On 4/5/25 3:43 AM, Paul Menzel wrote:
Dear Greg,
Thank you for replying on a Saturday.
Am 05.04.25 um 09:29 schrieb Greg KH:
On Sat, Apr 05, 2025 at 08:32:13AM +0200, Paul Menzel wrote:
Am 29.03.25 um 15:57 schrieb Chuck Lever:
On 3/29/25 8:17 AM, Takashi Iwai wrote:
On Sun, 23 Feb 2025 09:53:10 +0100, Takashi Iwai wrote:
we received a bug report showing the regression on 6.13.1 kernel against 6.13.0. The symptom is that Chrome and VSCode stopped working with Gnome Scaling, as reported on openSUSE Tumbleweed bug tracker https://bugzilla.suse.com/show_bug.cgi?id=1236943
Quoting from there: """ I use the latest TW on Gnome with a 4K display and 150% scaling. Everything has been working fine, but recently both Chrome and VSCode (installed from official non-openSUSE channels) stopped working with Scaling. .... I am using VSCode with: `--enable-features=UseOzonePlatform --enable- features=WaylandWindowDecorations --ozone-platform-hint=auto` and for Chrome, I select `Preferred Ozone platform` == `Wayland`. """
Surprisingly, the bisection pointed to the backport of the commit b9b588f22a0c049a14885399e27625635ae6ef91 ("libfs: Use d_children list to iterate simple_offset directories").
Indeed, the revert of this patch on the latest 6.13.4 was confirmed to fix the issue. Also, the reporter verified that the latest 6.14-rc release is still affected, too.
For now I have no concrete idea how the patch could break the behavior of a graphical application like the above.
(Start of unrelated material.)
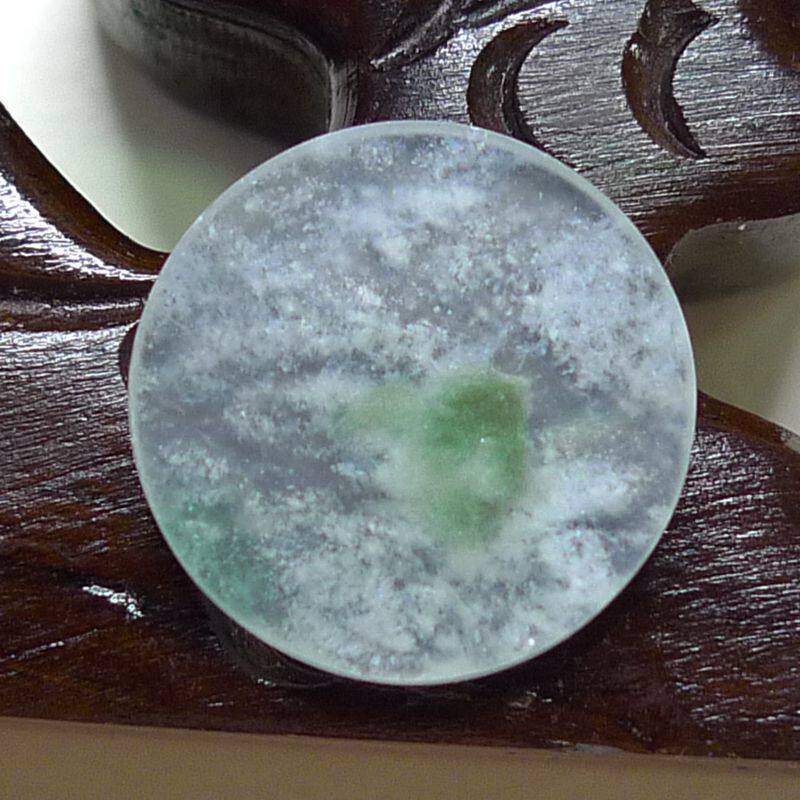 翡翠蛋面缅甸正品天然A货老坑冰白飘花雪花棉戒面可镶嵌件2.26g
Let us know if you need something for debugging. (Or at easiest, join to the bugzilla entry and ask there; or open another bug report at whatever you like.)
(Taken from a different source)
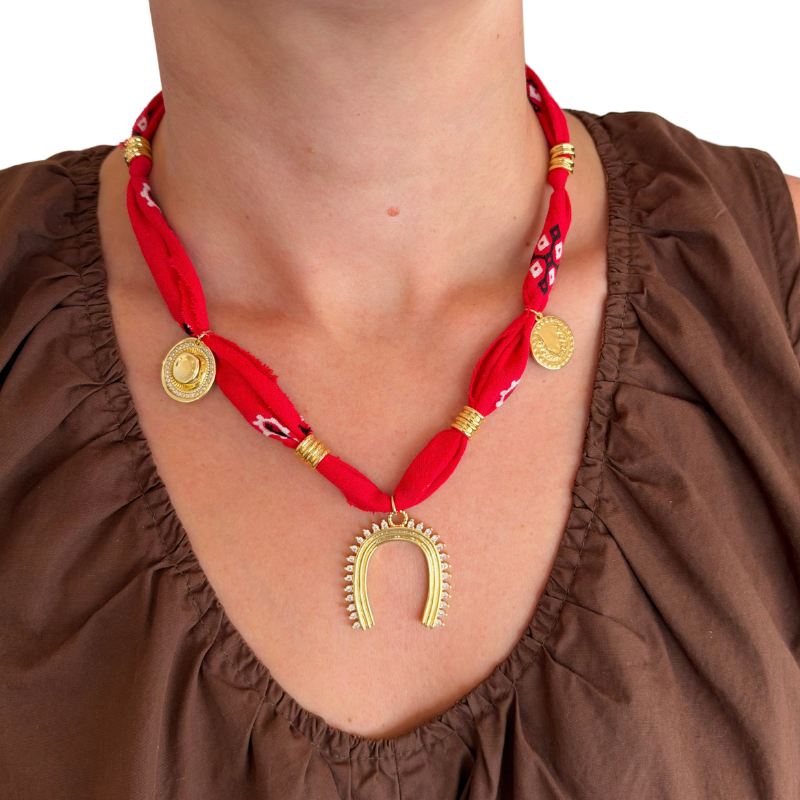 Red Horseshoe Luck Bandana Necklace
BTW, I'll be traveling tomorrow, so my reply will be delayed.
#regzbot introduced: b9b588f22a0c049a14885399e27625635ae6ef91 #regzbot monitor: https://bugzilla.suse.com/show_bug.cgi?id=1236943
After all, this seems to be a bug in Chrome and its variant, which was surfaced by the kernel commit above: as the commit changes the directory enumeration, it also changed the list order returned from libdrm drmGetDevices2(), and it screwed up the application that worked casually beforehand. That said, the bug itself has been already present. The Chrome upstream tracker: https://issuetracker.google.com/issues/396434686
#regzbot invalid: problem has always existed on Chrome and related code
Thank you very much for your report and for chasing this to conclusion.
Doesn’t marking this an invalid contradict Linux’ no regression policy to never break user space, so users can always update the Linux kernel? Shouldn’t this commit still be reverted, and another way be found keeping the old ordering?
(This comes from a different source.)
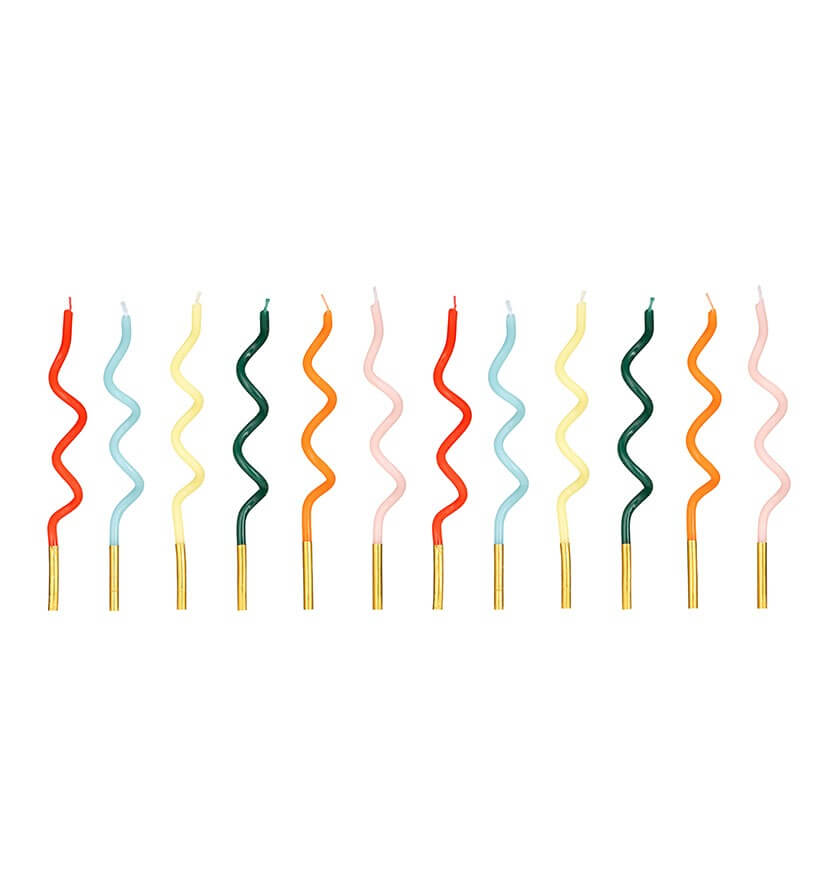 Lot de 12 bougies torsadées arc-en-ciel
Greg, Sasha, in stable/linux-6.13.y the two commits below would need to be reverted:
180c7e44a18bbd7db89dfd7e7b58d920c44db0ca d9da7a68a24518e93686d7ae48937187a80944ea
For stable/linux-6.12.y:
176d0333aae43bd0b6d116b1ff4b91e9a15f88ef 639b40424d17d9eb1d826d047ab871fe37897e76
Unless the changes are also reverted in Linus's tree, we'll be keeping these in. Please work with the maintainers to resolve this in mainline and we will be glad to mirror that in the stable trees as well.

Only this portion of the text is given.